The money still had not reached the solicitor’s bank on the Monday, and time was running out. The lenders in the chain required mortgage advances to be returned by the end of the Tuesday if completion failed and, because of Christmas, funds could not be requested again until New Year.
“It was agreed, across the chain, that if the missing transfer had not appeared by 12.30pm on the Tuesday, we’d postpone completion until after Christmas,” adds Ross. “12.30pm rolled round and the money had not appeared, so we loaded the children and animals back into the car, and I was dropped at our old house to meet the removal men and unpack, while the rest of the family drove to my parents in Lincolnshire where we’d made emergency arrangements to spend Christmas.”
As Ross reached her old home, the call came to say the funds had been located. The removal lorries had to be diverted back to Worthing. At 4pm, in the nick of time before the loans had to be returned, the chain completed.
The family finally moved in on the Wednesday, with three days to unpack before Christmas.
They are still waiting for an explanation and an apology from Santander, their solicitor’s bank, which caused the delay. “Our solicitor lodged a complaint on our behalf in January, but we are no nearer to getting compensation for our expenses and stress,” says Ross.
Santander agreed to refund £3,800 expenses and pay £1,000 in “goodwill” after the Observer intervened. “We are very sorry that, due to a processing error at Santander, there was a delay to the funds being transferred,” it says. “We appreciate this must have caused a great deal of stress.”
Ross’s conveyancing solicitor, Lawcomm, describes Santander’s service as “unacceptable”. Director Bill Dhariwal says: “I sincerely hope Santander learns from this and does not put any more of our clients through the same suffering.”
Buyers the full length of a property chain face more than storage and transport expenses if completion is delayed. If a deposit fails to arrive in time, they are deemed in breach of contract and can be held liable for the seller’s costs, plus substantial daily interest payments on the purchase price.
Buyers all the way up the chain can find themselves having to compensate their sellers if the purchase is delayed at the bottom. If the problem was caused by another buyer’s or solicitor’s bank, they may struggle to claw back the money, since they are not the bank’s customer.
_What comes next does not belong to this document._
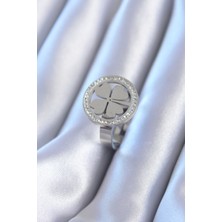 316L Çelik Gümüş Renk Zirkon Taşlı Yonca Model Kadın Yüzük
In 2018 the government pledged to work with conveyancers and lenders to speed up the release of funds for property transactions. Representatives from legal, finance and removal sectors have formed the Home Buying and Selling Group (HBSG) to lobby the government for best practice guidelines so that companies who delay can more easily be held to account.
“Compliance requirements are far more onerous so banking systems need to catch up,” says Ian Studd, founding member of HBSG. “There also needs to be more education for consumers to ensure funds are remitted in advance and there’s a window of 10 working days between exchange and completion.”
The Department for Levelling Up, Housing and Communities says: “The levelling up white paper committed to improving the buying and selling process and we are working with the industry to roll out a new digital system. This includes speeding up the transfer of funds and ensuring more information is available to purchasers.”